Work instruction | Transcribe the entries below word for word, beginning at the line with "Russian President Vladimir" and stopping after the line with "Gold wedding rings"; drop all pictures.

Data in this exercise |
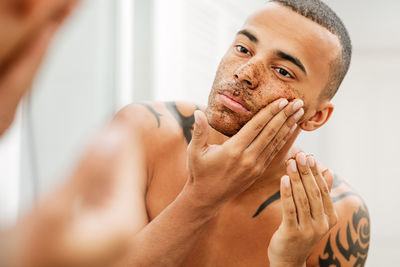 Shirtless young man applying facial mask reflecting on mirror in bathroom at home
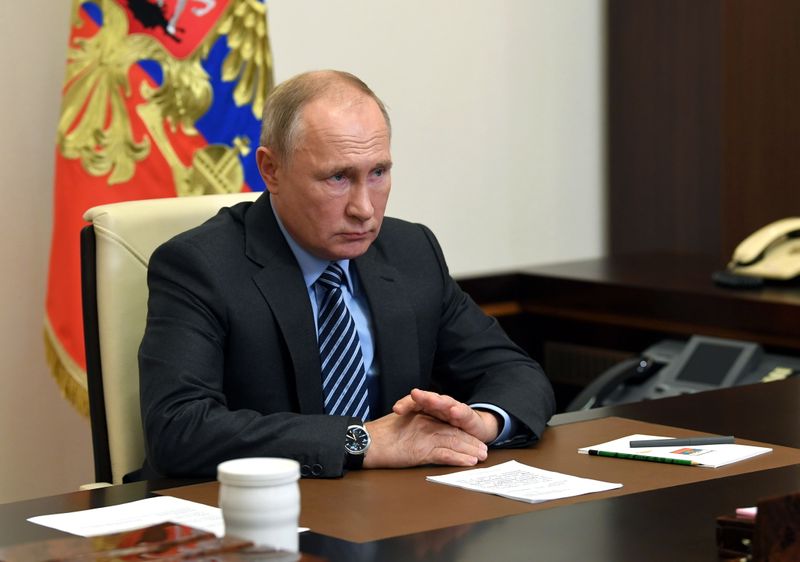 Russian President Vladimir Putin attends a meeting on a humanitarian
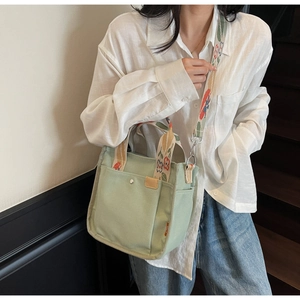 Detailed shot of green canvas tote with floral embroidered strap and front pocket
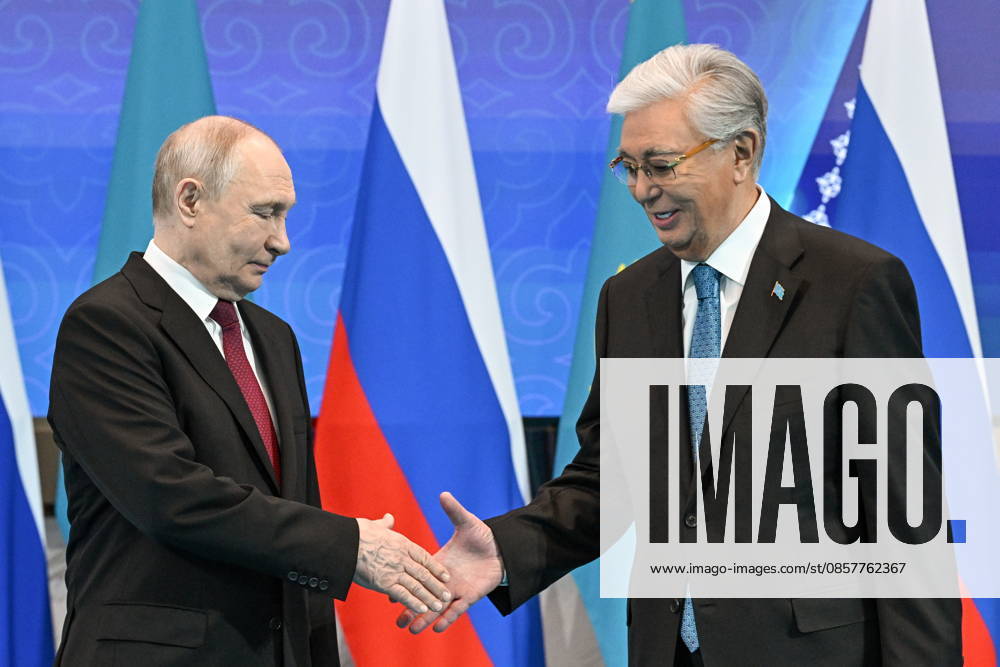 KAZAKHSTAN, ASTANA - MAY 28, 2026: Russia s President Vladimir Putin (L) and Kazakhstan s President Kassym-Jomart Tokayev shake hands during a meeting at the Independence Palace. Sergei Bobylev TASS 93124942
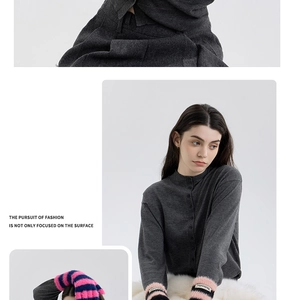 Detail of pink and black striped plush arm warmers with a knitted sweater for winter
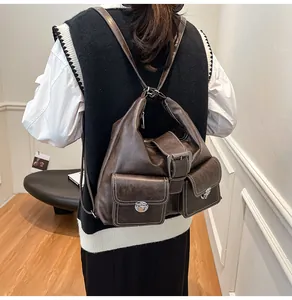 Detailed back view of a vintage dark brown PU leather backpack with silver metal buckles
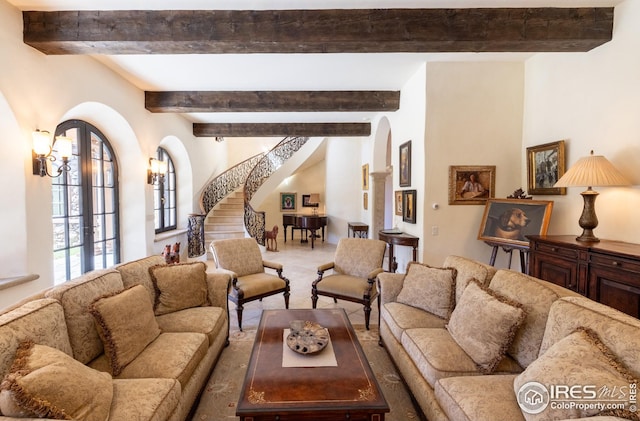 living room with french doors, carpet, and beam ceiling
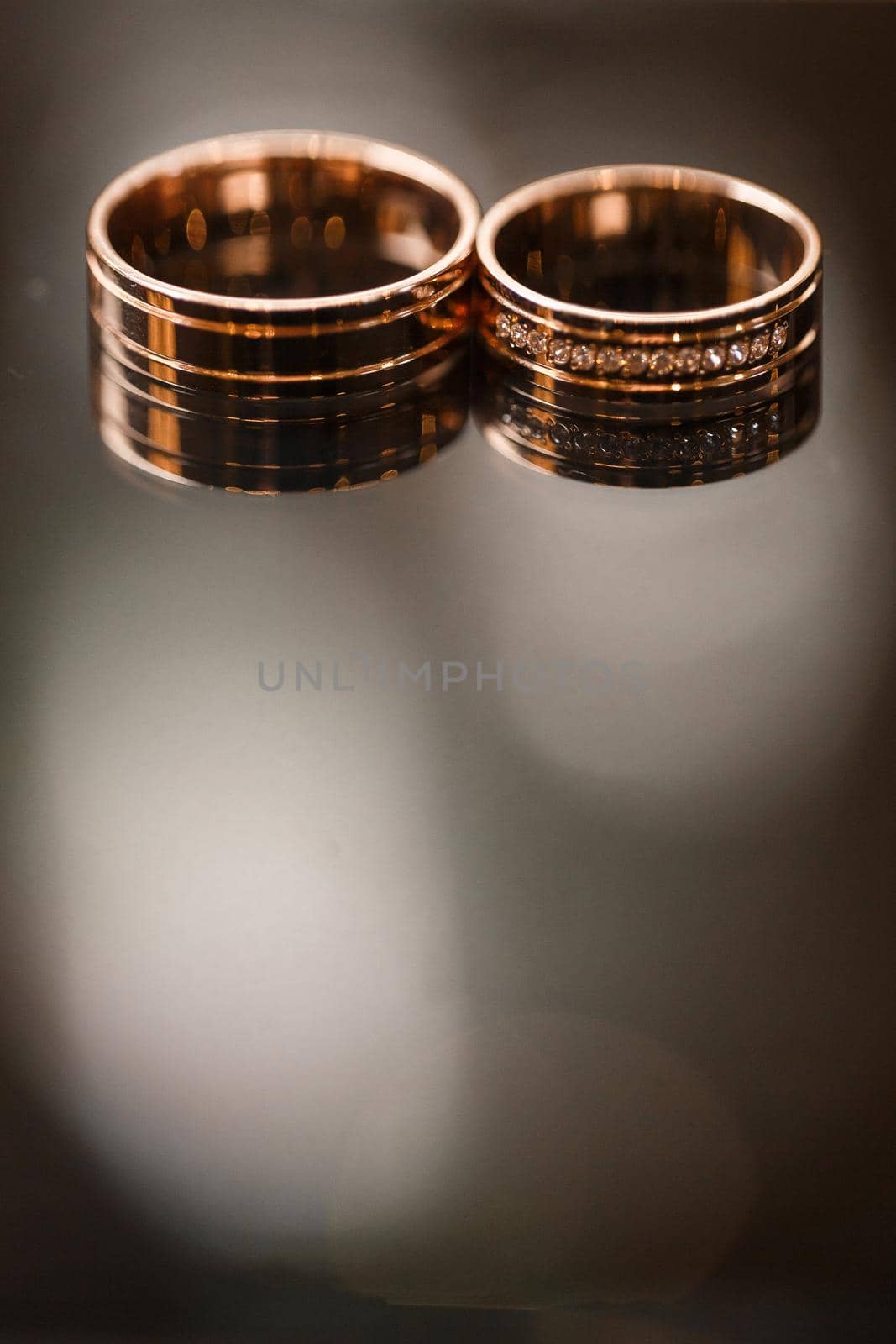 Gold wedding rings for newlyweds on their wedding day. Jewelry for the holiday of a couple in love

--

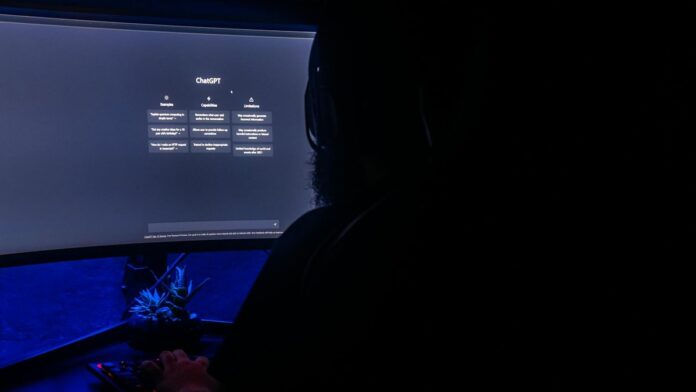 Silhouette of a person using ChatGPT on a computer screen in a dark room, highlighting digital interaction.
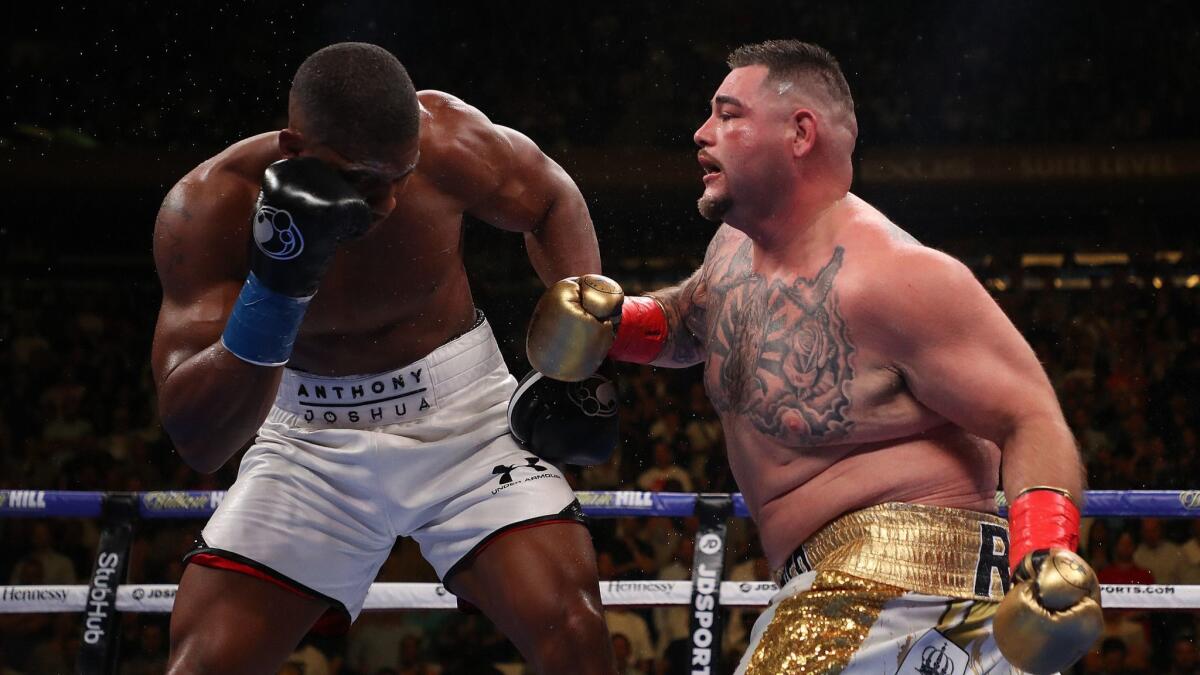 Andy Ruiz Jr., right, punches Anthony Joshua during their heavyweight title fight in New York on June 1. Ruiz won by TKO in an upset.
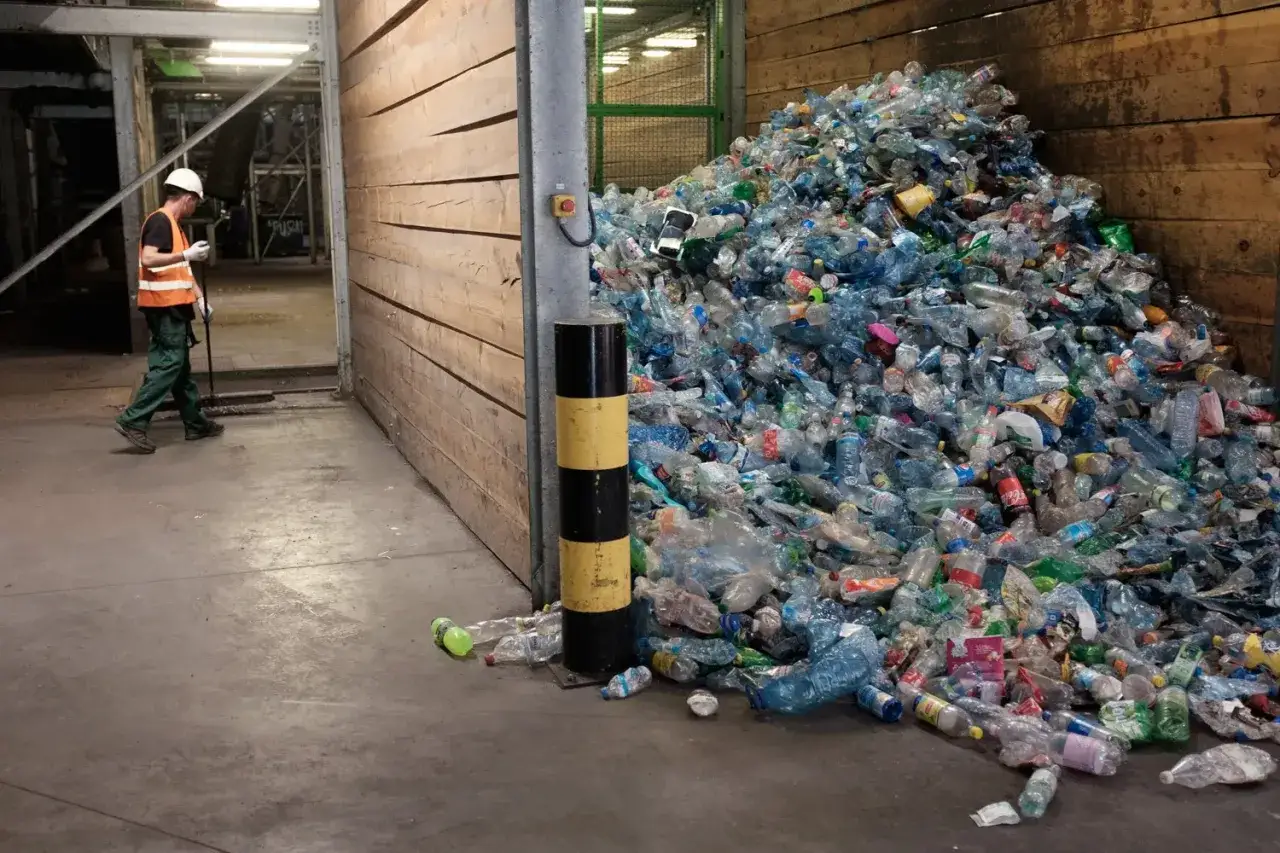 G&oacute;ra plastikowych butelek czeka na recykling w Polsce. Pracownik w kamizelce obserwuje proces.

--

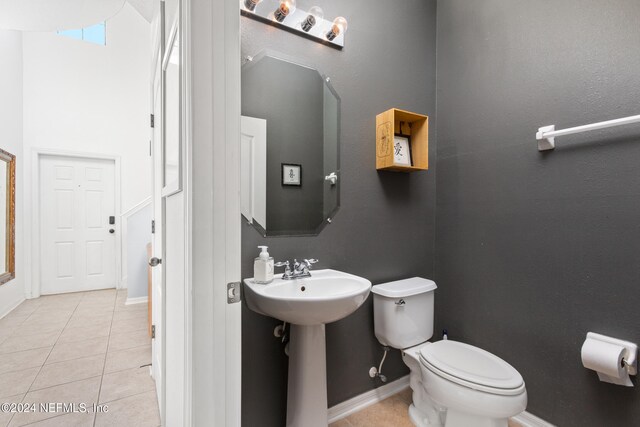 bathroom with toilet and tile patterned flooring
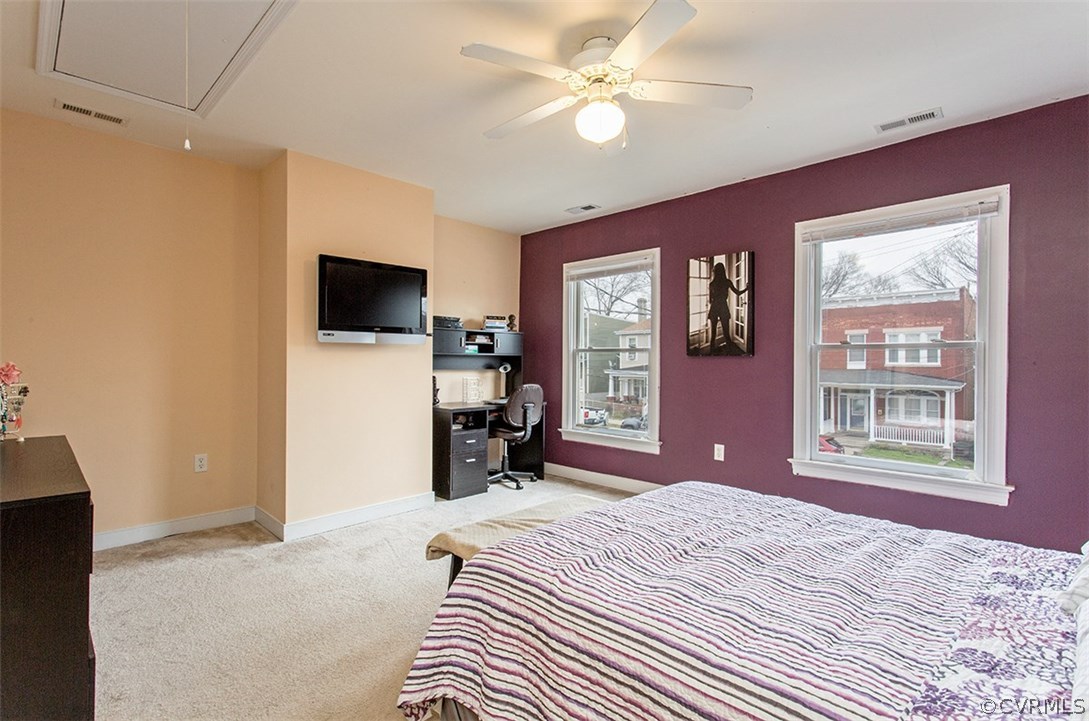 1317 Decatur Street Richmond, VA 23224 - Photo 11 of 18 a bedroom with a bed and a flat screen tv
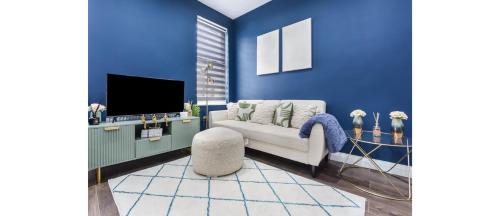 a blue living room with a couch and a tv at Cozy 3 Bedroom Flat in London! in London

Written response |
 Russian President Vladimir Putin attends a meeting on a humanitarian
 Detailed shot of green canvas tote with floral embroidered strap and front pocket
 KAZAKHSTAN, ASTANA - MAY 28, 2026: Russia s President Vladimir Putin (L) and Kazakhstan s President Kassym-Jomart Tokayev shake hands during a meeting at the Independence Palace. Sergei Bobylev TASS 93124942
 Detail of pink and black striped plush arm warmers with a knitted sweater for winter
 Detailed back view of a vintage dark brown PU leather backpack with silver metal buckles
 living room with french doors, carpet, and beam ceiling
 Gold wedding rings for newlyweds on their wedding day. Jewelry for the holiday of a couple in love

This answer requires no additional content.